Market Data as of Week Ending: 1/24/2025 unless noted otherwise
Stock prices rose as the S&P 500 Index reached a new record high during the week. Investors were focused on the new Trump administration and quarterly earnings as economic data was sparse. Less than 20% of companies in the S&P 500 have reported, but the fourth quarter earnings season is off to a strong start, with 80% beating earnings expectations and a blended growth rate of 12.7%. Large companies rotated back into a leadership position outperforming their small and mid-sized counterparts. Growth outperformed value across the size spectrum, largely due to underperformance in the energy, materials, and utilities sectors. Energy was the only major economic sector that did not end the week with a gain, as earnings growth expectations have been cut for companies in the energy sector. Communication services, health care, and industrials were the top-performing sectors. Foreign developed and emerging markets were positive for the week and outperformed domestic equities.
Bond market volatility calmed down last week with a small increase in the 10-year Treasury yield, ending the week at 4.63%, and the 2-year Treasury was unchanged at 4.27%. The quiet period for the Fed leading into the January meeting and a light schedule of economic data contributed to a much-needed respite for bond markets. Performance was positive across all bond segments, with notable strength in lower-quality bonds as high-yield corporate bonds outperformed across the curve. Government bonds lagged as investors embraced risk assets. Investment-grade and high-yield corporate bond yields fell, ending the week at 5.36% and 7.45%, respectively.

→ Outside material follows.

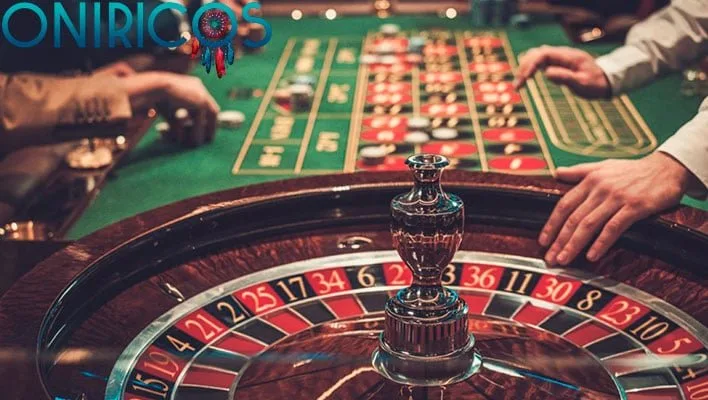 soñar con un casino - oniromancia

Economic data for the week was lighter than normal as the Fed convenes for their January policy meeting. The Fed is largely expected to take a pause on policy rate cuts in this meeting, and since there will be no Summary of Economic Projections, investors will be focused on Fed Chair Powell’s comments. Jobs data came in weaker than expected as initial jobless claims were slightly higher than expected at 223,000 and continuing claims were 1.9 million, the highest level since November 2021. S&P Global PMI data for the U.S. showed mixed results. The manufacturing figure came in higher than expected, as it increased from 49.4 to 50.1, whereas services came in lower than expected, down from 56.8 to 52.8. In aggregate, the composite PMI slowed to 52.4 in January 2025, down from December’s 55.4, to signal the weakest expansion in nine months. Existing home sales increased for the third consecutive month to a seasonally adjusted annualized rate of 4.38 million units in December, the most since February 2024. The final reading on consumer sentiment was revised lower to 71.1 in January from a preliminary reading of 73.2 and meaningfully lower than the 74.0 in December.